Tidak ada yang lebih bisa membuat
hatiku damai selain membaui wangi tanah dan sejuknya daun ketika hujan reda.
Tiada yang mampu mengalahkan romantisnya gerimis ketika menyapa daun helai demi
helai, lalu membuatnya basah dan seakan lupa bagaimana caranya gugur. Dan,
dengan semua itu aku selalu berfikir betapa Tuhan sangat baik menuntunku untuk
menemukan keajaiban demi keajaiban kecil dibawah rintik hujan. Sama seperti
saat itu, Lima tahun lalu. Aku mengenalmu pada saat kelas tiga SMU. Dibawah
rintik hujan aku berjalan pelan lalu bukan dengan sebuah pertemuan pertama yang
ku harapkan indah, kau menabrakku dengan sepedamu yang kau ayuh kencang.
Hanya gadis bodoh dan kekanak kanakan
yang ingin dan dengan sadar berjalan di bawah hujan, selalu itu yang kau
katakan. Dan kau selalu benar. Menebak dengan tepat dan sialnya dari semua kata
kata mu yang membuatku sakit hati, tak pernah satu diantaranya yang mampu
menggoyahkan rasa ku kepadamu. Di sini di bawah rintik hujan yang sama, aku
berharap Tuhan menuntunku untuk menemukan sebuah keajaiban. Sekali lagi.
***
5 Tahun lalu..
“Aku Sandria..” kataku memperkenalkan
diri.
“Hilda..” Jabatnya. Cuek sekali,
rasanya aku perlu berfikir lebih dari seribu kali untuk setuju dengan keputusan
Ayah dan Ibu membawaku pindah ke luar kota. Berkali kali aku pindah sekolah,
dan ku kira ini yang terakhir karena ini memang tahun terakhirku berada di
bangku SMU.
Pada dasarnya aku memang di takdirkan
dengan sifat cuek yang terkadang sampai berpengaruh pada ekspresi muka dan
membuatku terlihat menyebalkan. Bukan aku yang meminta dilahirkan dengan
keajaiban semacam ini. Tunggu, keajaiban? Yah sebut saja begitu memangnya siapa
yang akan perduli.
“Kamu murid baru?” Tanya seorang siswi
dengan nada sinis menghampiri bangku ku.
“Iya, kenapa?” Aku balik bertanya.
“Mentang mentang murid baru jangan
asal duduk dong. Ini bangku udah ada
yang nempatin..” katanya sambil membanting tas ku ke bangku lain.

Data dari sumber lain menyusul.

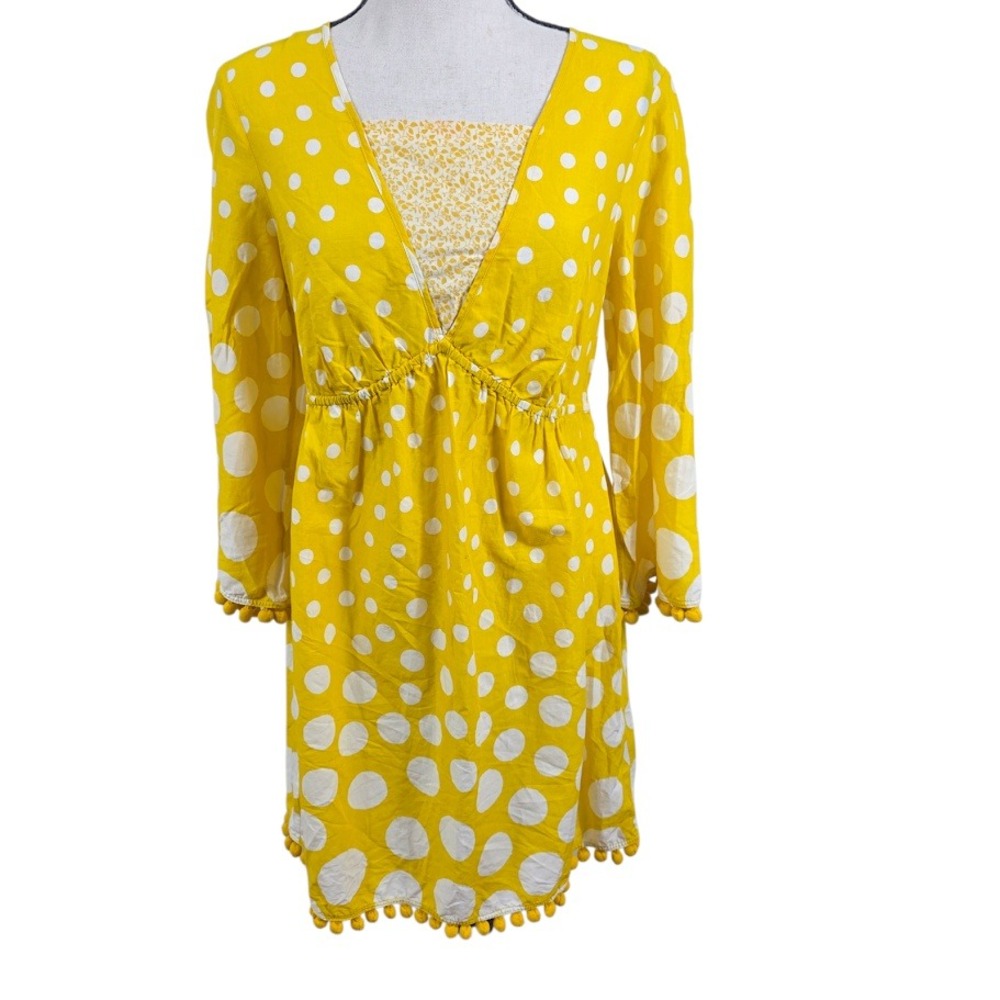 Boden Mini Dress Women 6R Yellow Polka Dot Pom Pom Trim Cotton WA781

“Biasa aja dong, lagian ini bangku
milik semua yang sekolah disini. Dan aku bayar buat bisa duduk disini..” kataku
tak kalah sinis nya.
“Jadi anak baru ini mulai berani!!”
katanya sambil menarik kerah kemeja sekolahku. Sial, kenapa cewek bisa sekuat
ini sih.
“Lepasin..!” kataku sambil berusaha
melepaskan cengkramannya.
“Vida! Lepaskan!!” seorang guru
perempuan bertubuh tambun tiba tiba datang dan menghentikan kegaduhan yang kami
( maksudku yang gadis sok kuat ini ) buat .
“Jangan pernah buat kegaduhan lagi! Kamu
Vida! Jangan sok kuat di kelas, ini ruang belajar bukan arena Judo. Dan kamu
Siswi baru, jangan pernah coba coba membuat keributan di sekolah ini!” kalo dia
gak mulai sok kuasa aku juga gak bakal nyolot. Dan percayalah setelah hari
pertama di sekolah baru yang sangat menjengkelkan, sepanjang hari ini adalah
hari yang sangat sangat buruk.
Semua yang ada di SMU ini rasanya
tidak ada yang ingin berteman denganku. Aku sama sekali tidak memiliki teman
untuk sekedar bercerita kalau tadi ada yang hampir mencekik ku dengan satu
tangan. Sejak aku dan keluargaku hidup berpindah pindah, aku memang tidak pernah
benar benar memiliki sahabat dekat. Sulit rasanya mempercayai seseorang ketika
belum benar benar mengenal siapa dia sebenarnya. Hanya ada beberapa akun di
sosial media yang ku jadaikan tempat ku bercerita. Dan akhir akhir ini aku
tersadar, mereka adalah maya. Bisa saja mereka tidak menolongku ketika aku
benar benar hampir mati, karena mereka adalah maya.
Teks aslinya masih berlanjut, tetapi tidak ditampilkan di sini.